__Activity__.
Return, word for word, only the lines of the data below that lie between the line with "得過乳腺癌也能買的保險，你知道嗎？插圖" and the line with "Watch video Common", those two lines included.
Segment Start: Exercise inputs
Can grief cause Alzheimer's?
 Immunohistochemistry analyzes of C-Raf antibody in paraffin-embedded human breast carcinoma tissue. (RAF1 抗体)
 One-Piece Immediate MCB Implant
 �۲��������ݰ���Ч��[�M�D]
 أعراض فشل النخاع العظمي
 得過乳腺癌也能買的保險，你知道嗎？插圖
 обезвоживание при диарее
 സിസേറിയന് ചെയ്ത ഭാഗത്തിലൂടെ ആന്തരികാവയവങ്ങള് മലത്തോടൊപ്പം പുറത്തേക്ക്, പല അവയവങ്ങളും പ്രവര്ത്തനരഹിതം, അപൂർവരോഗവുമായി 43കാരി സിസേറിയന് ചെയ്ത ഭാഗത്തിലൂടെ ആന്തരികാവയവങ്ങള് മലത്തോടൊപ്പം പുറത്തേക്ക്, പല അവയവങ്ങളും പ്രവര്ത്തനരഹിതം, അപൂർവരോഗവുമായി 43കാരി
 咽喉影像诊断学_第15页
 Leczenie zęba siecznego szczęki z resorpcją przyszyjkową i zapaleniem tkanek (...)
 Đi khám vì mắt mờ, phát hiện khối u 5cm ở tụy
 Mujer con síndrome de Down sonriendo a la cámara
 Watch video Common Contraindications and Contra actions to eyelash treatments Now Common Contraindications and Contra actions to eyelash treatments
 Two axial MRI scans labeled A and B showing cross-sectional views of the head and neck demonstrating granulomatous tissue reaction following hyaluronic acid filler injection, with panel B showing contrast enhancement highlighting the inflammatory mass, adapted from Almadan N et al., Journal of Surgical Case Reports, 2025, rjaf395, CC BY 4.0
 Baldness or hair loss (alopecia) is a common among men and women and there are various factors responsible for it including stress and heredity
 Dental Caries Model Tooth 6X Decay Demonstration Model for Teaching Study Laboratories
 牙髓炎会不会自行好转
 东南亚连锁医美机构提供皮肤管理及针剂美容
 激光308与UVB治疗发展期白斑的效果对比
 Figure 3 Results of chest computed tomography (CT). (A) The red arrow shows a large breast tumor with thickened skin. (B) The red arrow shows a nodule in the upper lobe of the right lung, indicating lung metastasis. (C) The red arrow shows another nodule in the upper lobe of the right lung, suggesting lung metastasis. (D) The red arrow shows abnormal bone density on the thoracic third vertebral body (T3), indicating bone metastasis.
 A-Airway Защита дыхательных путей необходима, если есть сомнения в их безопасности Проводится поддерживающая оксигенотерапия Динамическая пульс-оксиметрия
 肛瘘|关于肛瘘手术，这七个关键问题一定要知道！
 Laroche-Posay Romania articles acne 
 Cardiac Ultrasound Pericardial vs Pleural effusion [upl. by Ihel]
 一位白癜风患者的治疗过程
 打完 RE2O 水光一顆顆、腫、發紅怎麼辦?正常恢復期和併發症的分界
Segment End: Exercise inputs
__Result__.
 得過乳腺癌也能買的保險，你知道嗎？插圖
 обезвоживание при диарее
 സിസേറിയന് ചെയ്ത ഭാഗത്തിലൂടെ ആന്തരികാവയവങ്ങള് മലത്തോടൊപ്പം പുറത്തേക്ക്, പല അവയവങ്ങളും പ്രവര്ത്തനരഹിതം, അപൂർവരോഗവുമായി 43കാരി സിസേറിയന് ചെയ്ത ഭാഗത്തിലൂടെ ആന്തരികാവയവങ്ങള് മലത്തോടൊപ്പം പുറത്തേക്ക്, പല അവയവങ്ങളും പ്രവര്ത്തനരഹിതം, അപൂർവരോഗവുമായി 43കാരി
 咽喉影像诊断学_第15页
 Leczenie zęba siecznego szczęki z resorpcją przyszyjkową i zapaleniem tkanek (...)
 Đi khám vì mắt mờ, phát hiện khối u 5cm ở tụy
 Mujer con síndrome de Down sonriendo a la cámara
 Watch video Common Contraindications and Contra actions to eyelash treatments Now Common Contraindications and Contra actions to eyelash treatments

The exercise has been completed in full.